§ **TASK DIRECTIONS**
Using the listing below, set down exactly the lines from the one that contains "8410 Brandon Street - Photo Thumbnail 3" through the one that contains "Renault Master II Front grill", with no pictures.

§ **GIVEN ENTRIES**
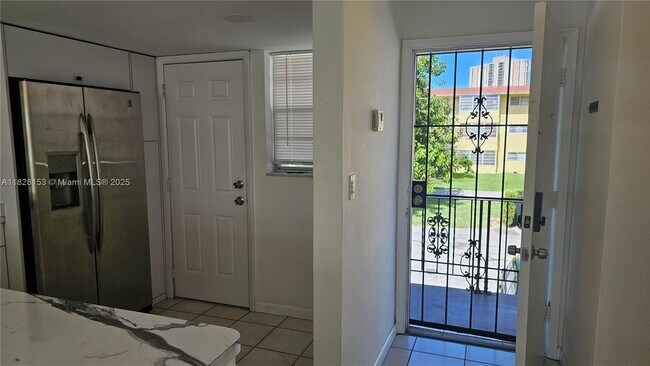 Foto del edificio - 20200 NE 29th Ct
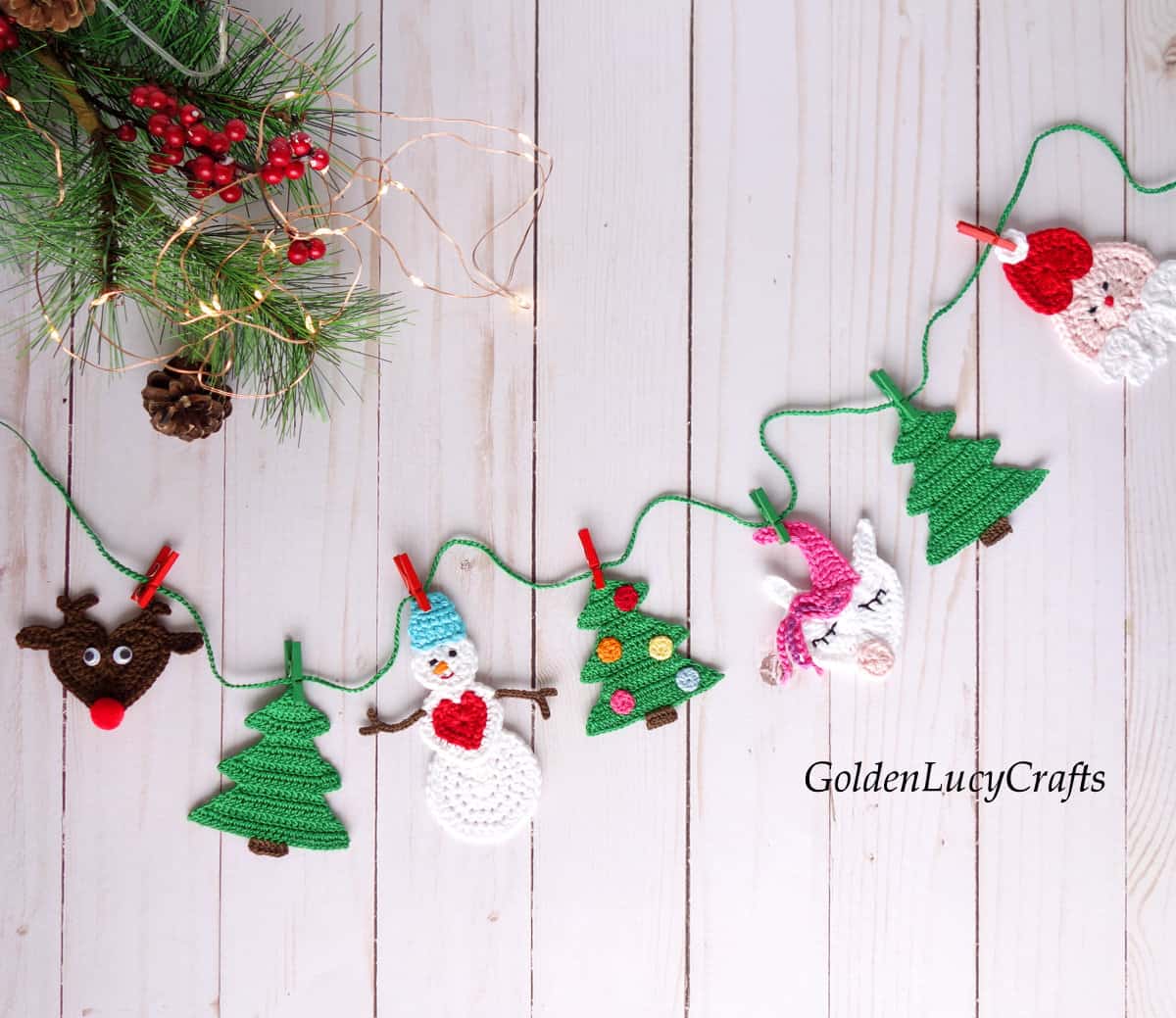 Christmas garland made from crocheted appliques.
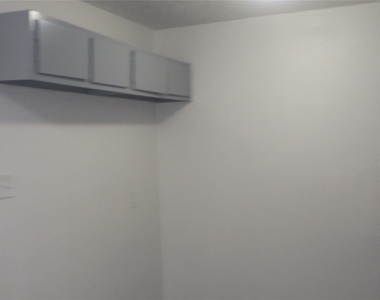 8410 Brandon Street - Photo Thumbnail 3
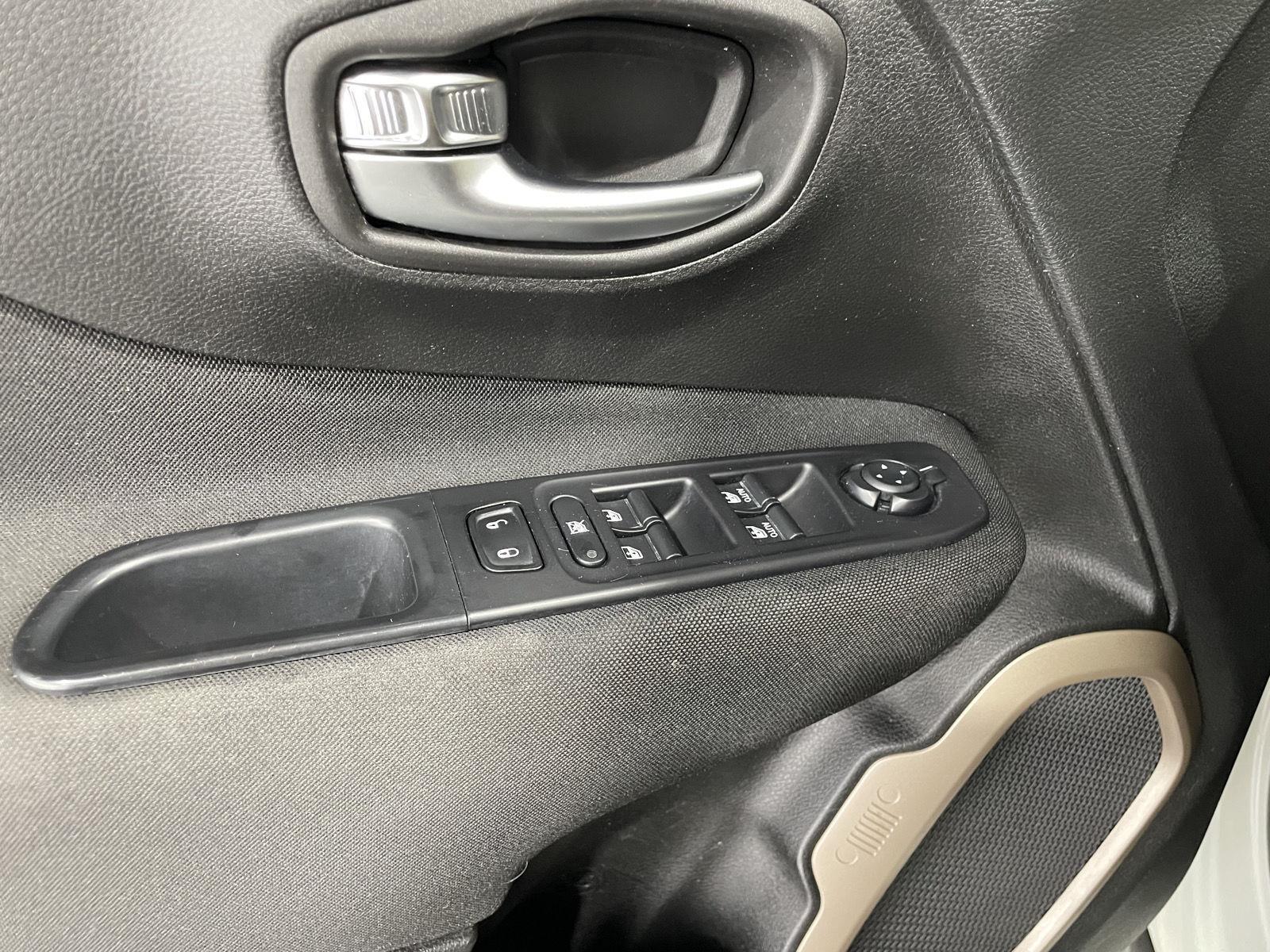 Vehicle photo 18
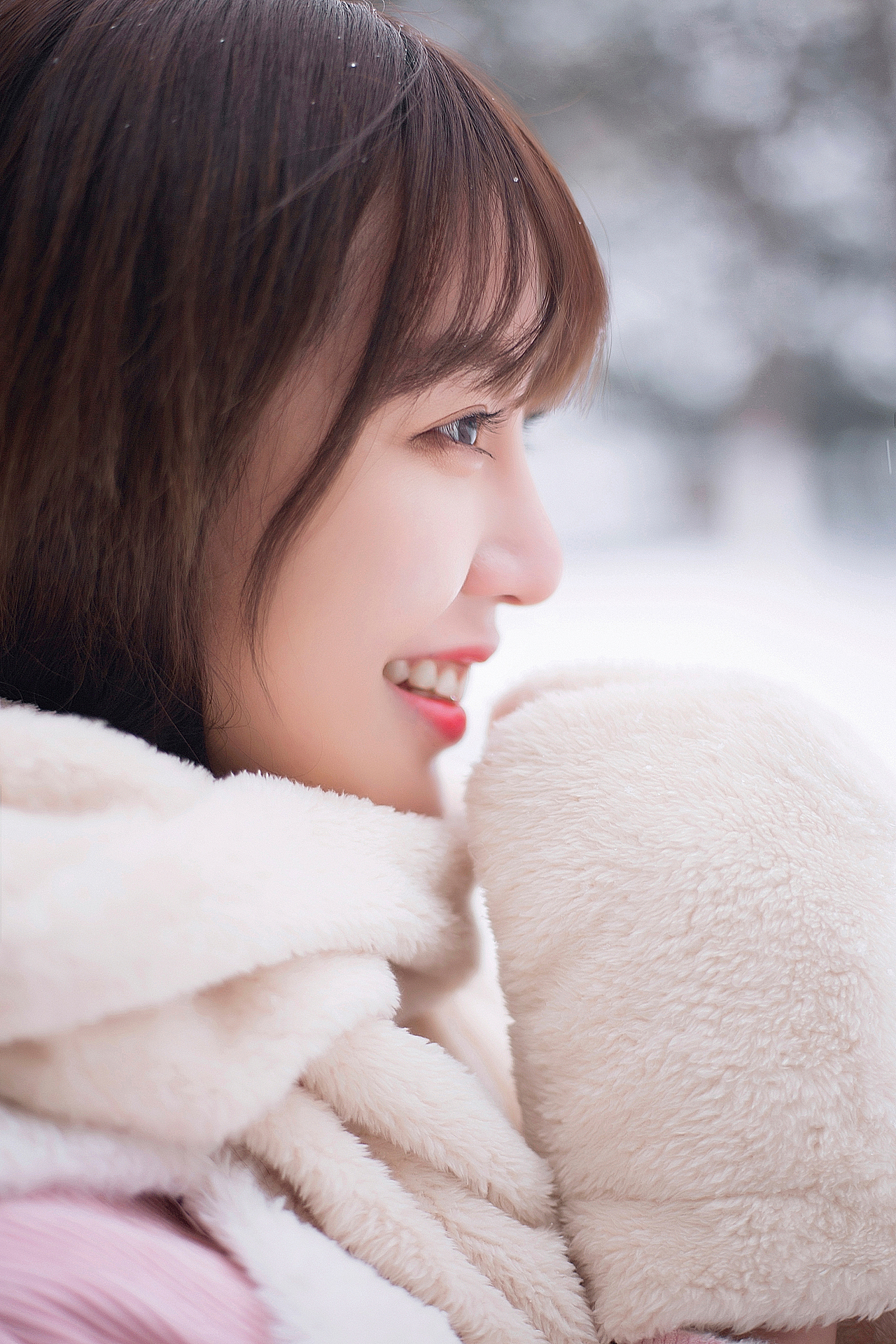 她踏雪而来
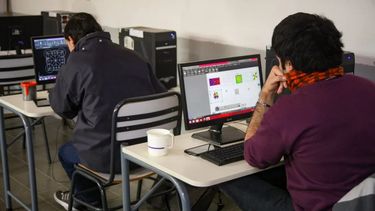 Detrás de las aulas vacías: por qué la DGE unifica escuelas de adultos en Mendoza. Detrás de las aulas vacías: por qué la DGE unifica escuelas de adultos en Mendoza.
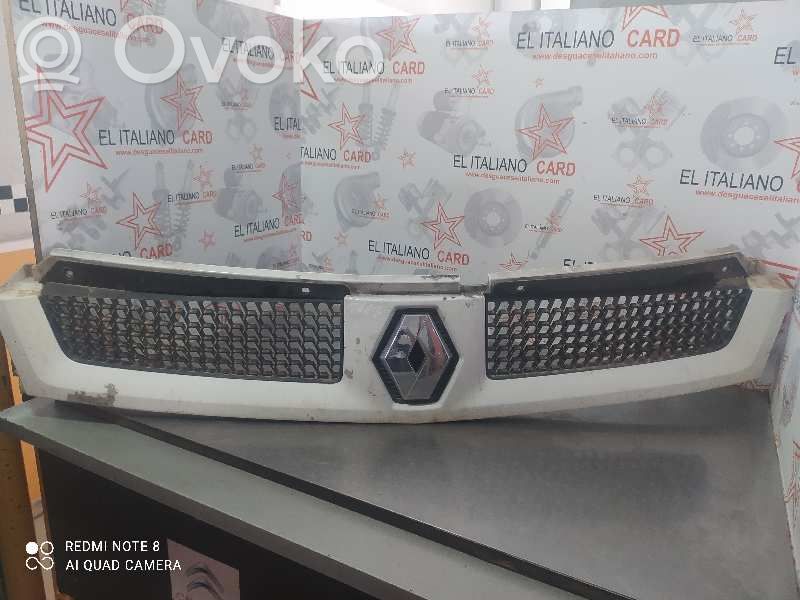 Renault Master II Front grill 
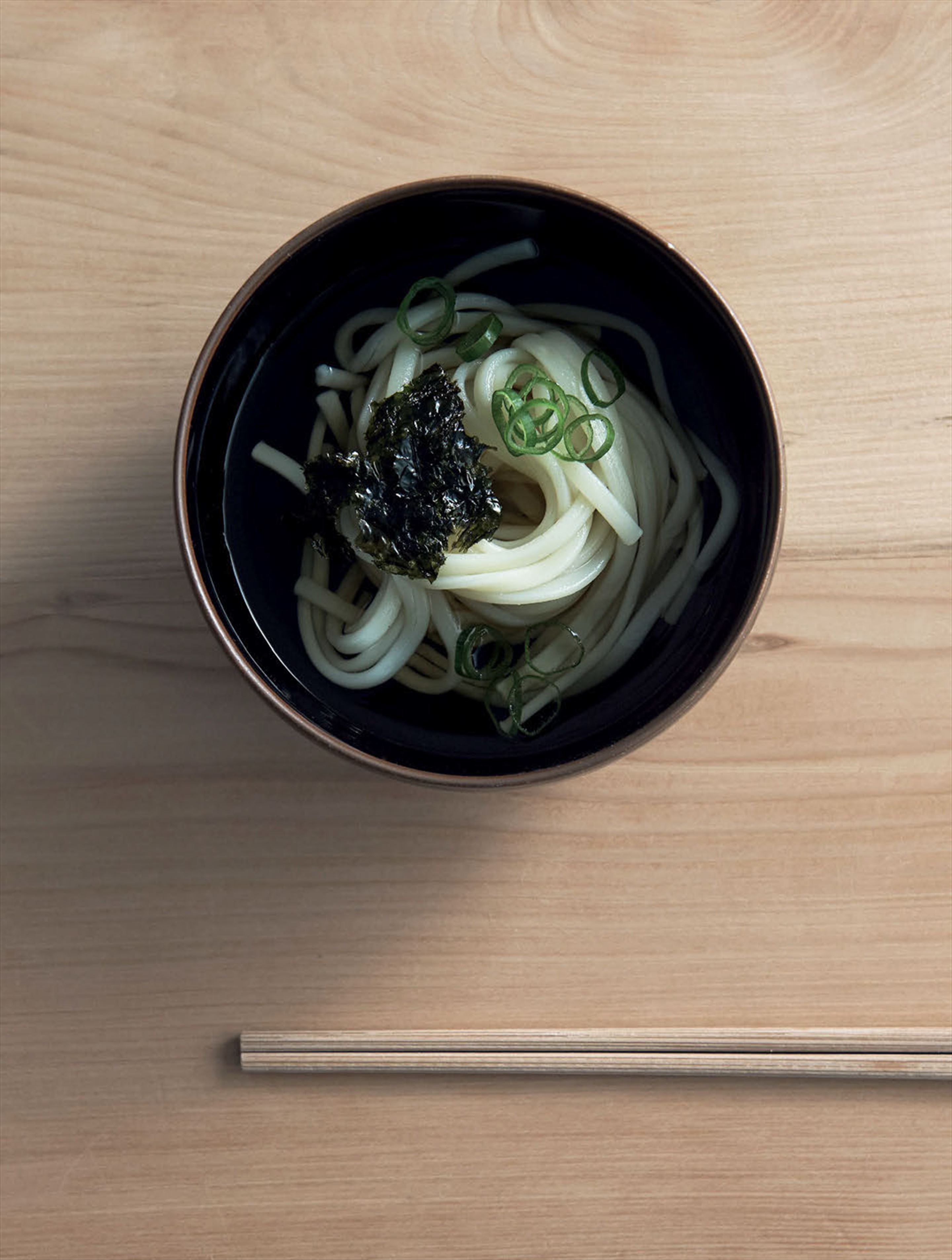 Cold udon noodles with soy dashi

§ **RESPONSE BOX**
 8410 Brandon Street - Photo Thumbnail 3
 Vehicle photo 18
 她踏雪而来
 Detrás de las aulas vacías: por qué la DGE unifica escuelas de adultos en Mendoza. Detrás de las aulas vacías: por qué la DGE unifica escuelas de adultos en Mendoza.
 Renault Master II Front grill 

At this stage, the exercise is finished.